Huh. Anyone got any idea why the left-hand code was so... hand-inlined? Anything in the git log that sheds light on this? Ditto __erase_to_end below.

philnik updated this revision to Diff 393778.Dec 12 2021, 2:06 PM
philnik marked 4 inline comments as done.
  • Replaced null_terminate_at() with erase_to_end() in pop_back()
  • Added _LIBCPP_HIDE_FROM_ABI
  • Fixed bugs
nilayvaish accepted this revision.Dec 12 2021, 2:18 PM
nilayvaish added inline comments.
libcxx/include/string
3222

I think we want to avoid checking whether the string is long or short again and again.
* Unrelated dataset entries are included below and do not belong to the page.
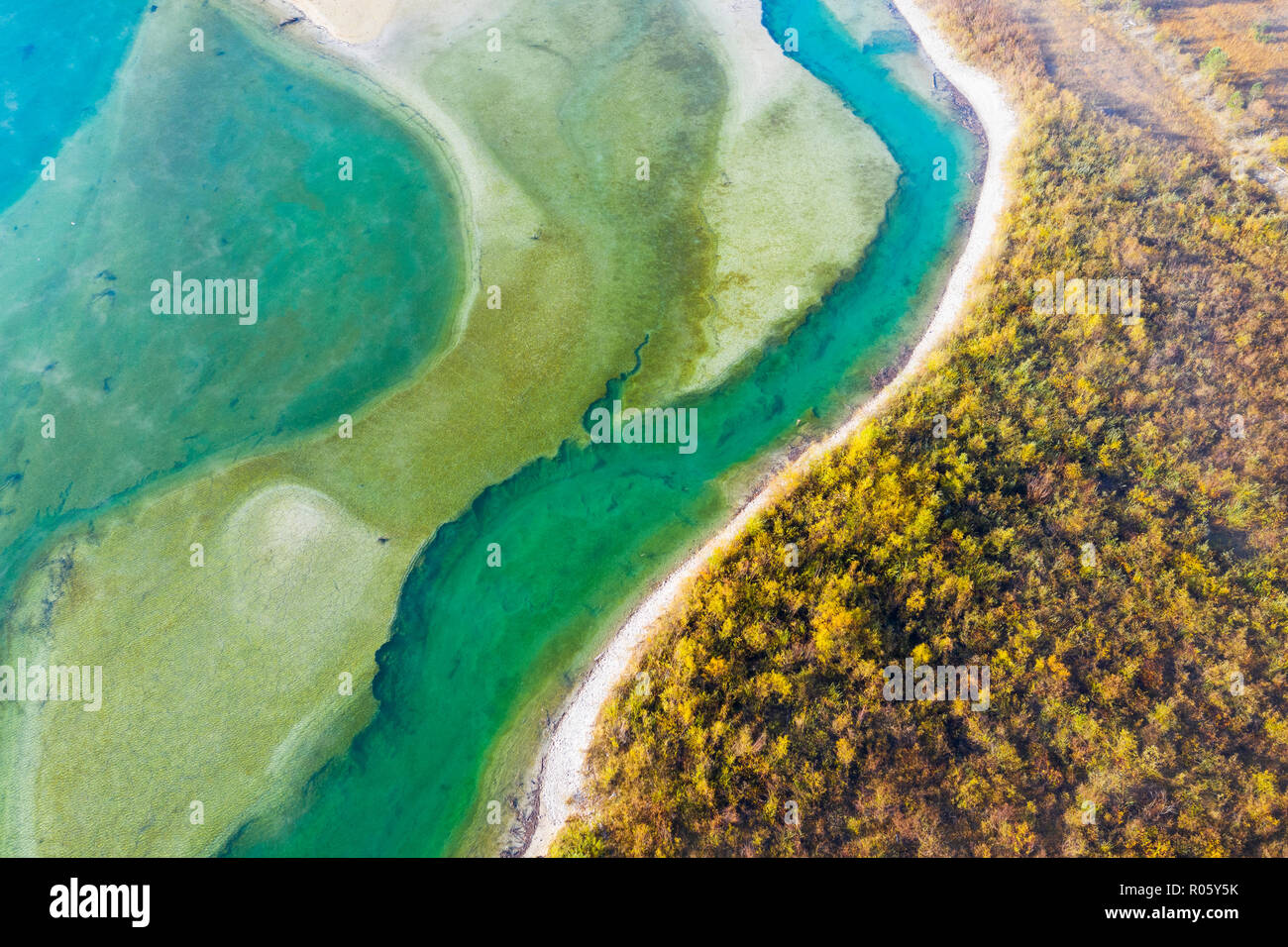 Isar, at the inflow into the Sylvenstein lake, Sylvenstein reservoir, drone image, Lenggries, Isarwinkel, Upper Bavaria, Bavaria Stock Photo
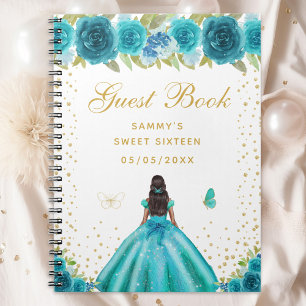 Teal Floral Dark Skin Princess Sweet Sixteen Notebook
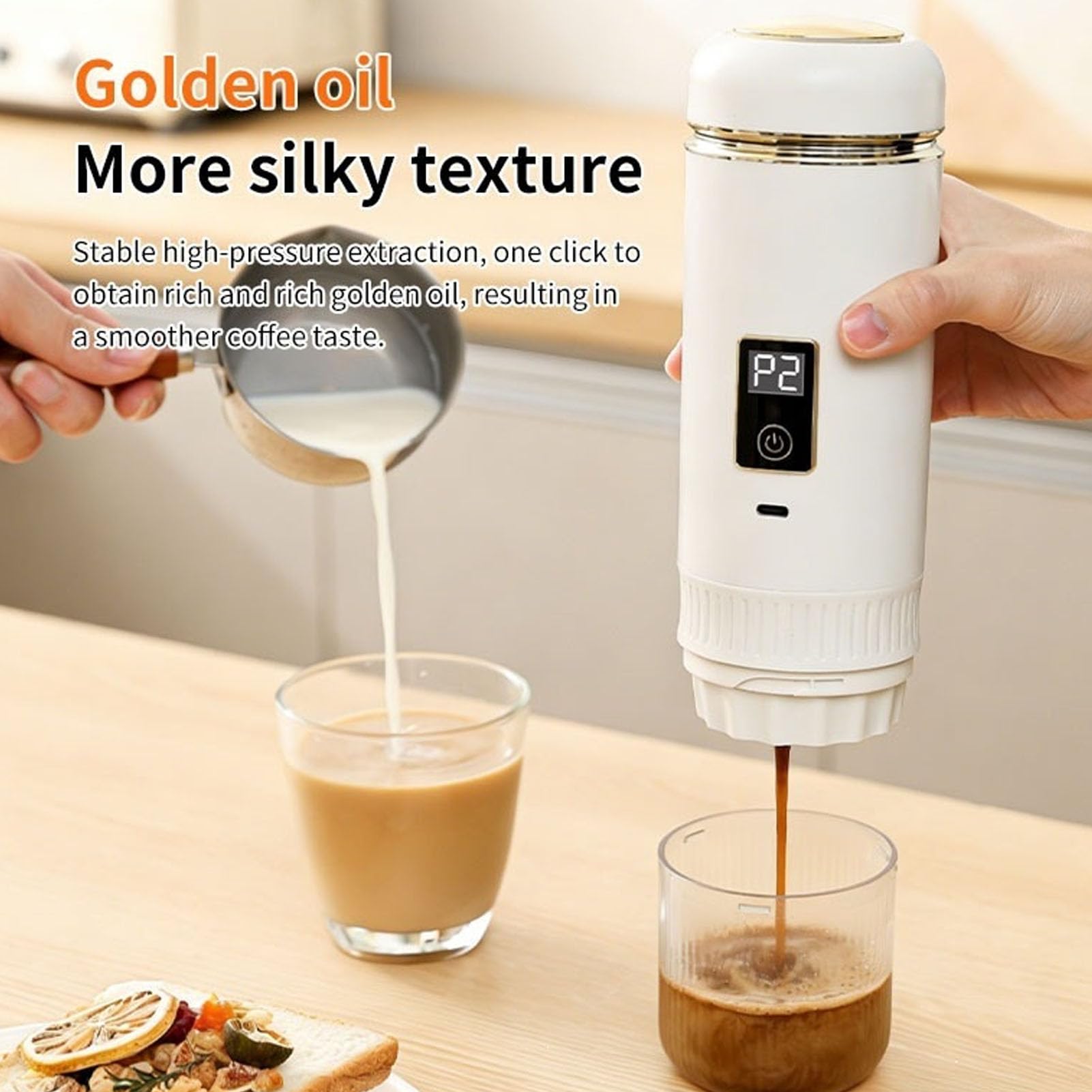 Asixxsix Pequeña Máquina de café Espresso Eléctrica Portátil, 200 Ml | 72W Autocalentamiento, Inalámbrico Recargable 7800mAh, Compatible con Cápsulas y Café Molido, para Viajes de Camping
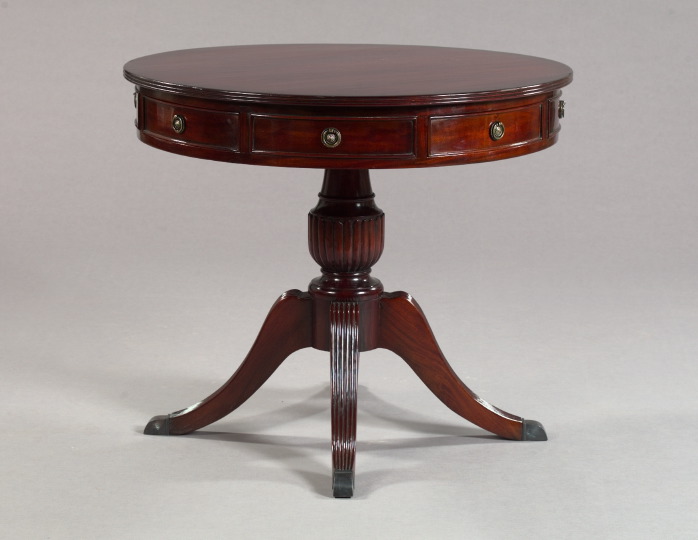 Appraisal: George III-Style Mahogany Pedestal Drum Table the circular reeded edge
Would likely save a few cycles.

philnik marked 2 inline comments as done.Dec 12 2021, 2:21 PM
philnik added inline comments.
libcxx/include/string
3222

This code is part of the initial libc++ commit. Unless you know where to get any (svn?) log, I think this question can't be answered. The only thing I could guess is some sort of compiler limitation 12+ years ago.

ldionne accepted this revision.Dec 13 2021, 6:16 AM

LGTM with comment. Thanks for the refactoring, and happy this gets us closer to being constexpr friendly.

libcxx/include/string
3020
This revision is now accepted and ready to land.Dec 13 2021, 6:16 AM
Quuxplusone accepted this revision.Dec 13 2021, 8:55 AM
Quuxplusone added inline comments.
libcxx/include/string
3001

Same issue as line 3020: either __sz + (__n2 - __n1) or __sz - __n1 + __n2.

3020

Or "match line 3023" should also work, I think: __sz - __n1 + __n2
The important thing is not to let __sz + __n2 be a subexpression, because it might wrap around, triggering that UBSan checker.

philnik updated this revision to Diff 394081.Dec 13 2021, 4:22 PM
philnik marked 4 inline comments as done.

Added paranthesis

This revision was automatically updated to reflect the committed changes.